Biden has had to deal with failed website rollouts. He was vice president when President Barack Obama launched healthcare.gov, an online marketplace for health-insurance. Jeff Zients, who is now Mr. Biden’s coronavirus response coordinator, was brought in to rescue the troubled site, which crashed repeatedly under a crush of early users. In the wake of this disaster, the U.S. Digital Service (USDS) was created.
The Coronavirus Pandemic – Key Facts to Know
Covidtests.gov is also available in Spanish. Visitors can click through to a Postal Service website to order four tests per household for free. The website states that orders are usually shipped within seven to twelve days.
“We can’t guarantee there won’t be a bug or two,” Ms. Psaki said, “but the best tech teams across the administration and the Postal Service are working hard to make this a success.”

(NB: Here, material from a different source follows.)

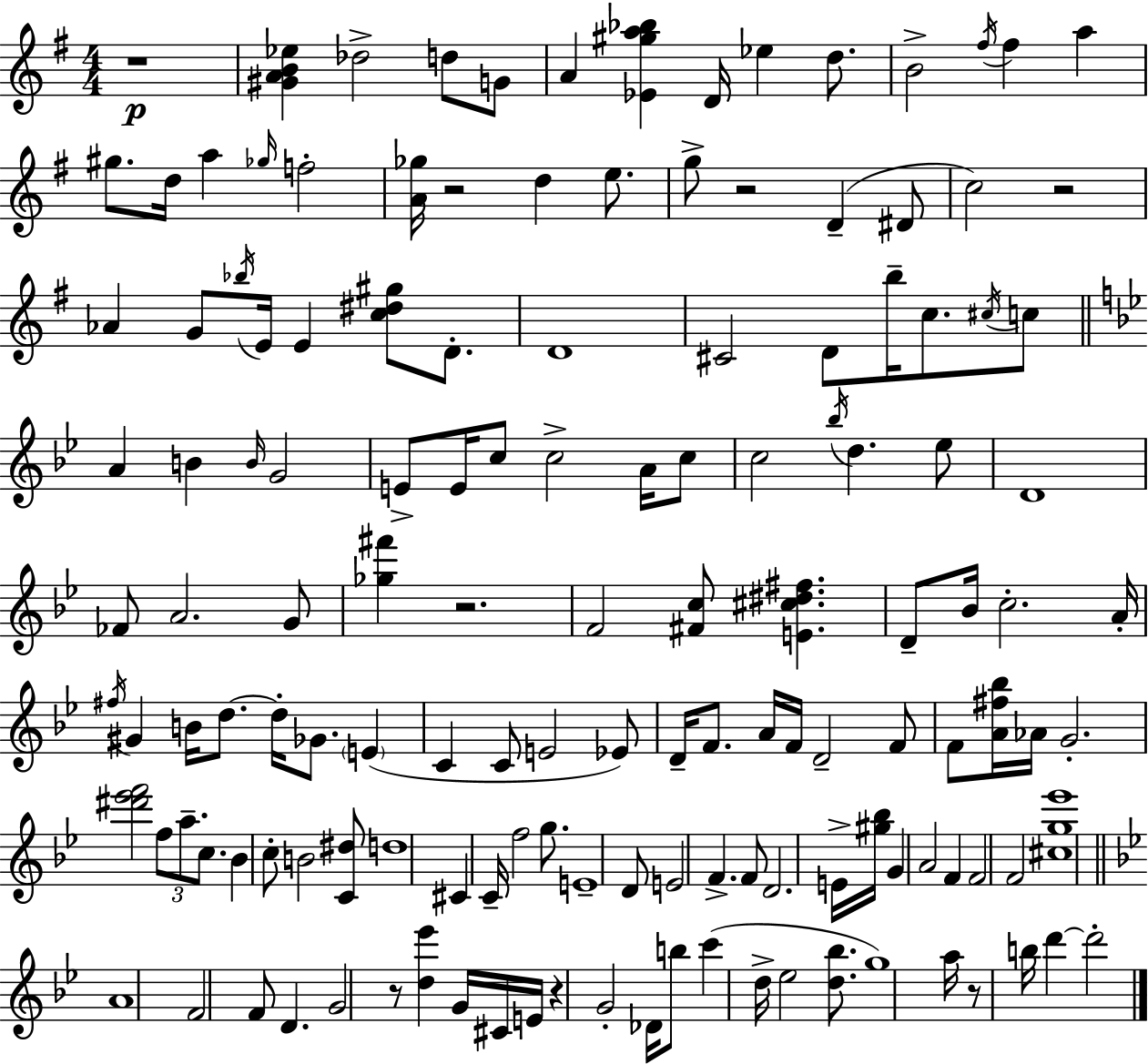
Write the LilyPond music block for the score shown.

Both the Trump and Biden administrations have struggled to match testing demand with supply. Mr. Biden has been criticised for not increasing the supply of quick at-home tests fast enough, as Americans struggled for testing after the Omicron variant was introduced.
Experts recommend that people test at-home if they experience symptoms of Covid-19, if they have been exposed to someone with the virus for five or more days, or if they plan to gather indoors to check on someone at higher risk.
Omicron has created a significant strain on both the in-home and laboratory supply of Omicron tests. Shortly after Thanksgiving, rapid tests began to disappear from pharmacy shelves. Long lines were seen at clinics for polymerase-chain reaction (or P.C.R.) tests.
Biden’s administration responded to this by ordering that a million at-home tests be distributed free to the public in two 500-million-unit batches. Officials from the administration have stated that the second batch will not become available until the spring.
The administration also offers free rapid tests at rural health clinics and community health centers. Private insurance customers can now request reimbursement for any tests they purchase. While the insurance companies will have to cover eight at home tests per person per month (some say it could take some time to implement the reimbursement system), they will have to cover them all.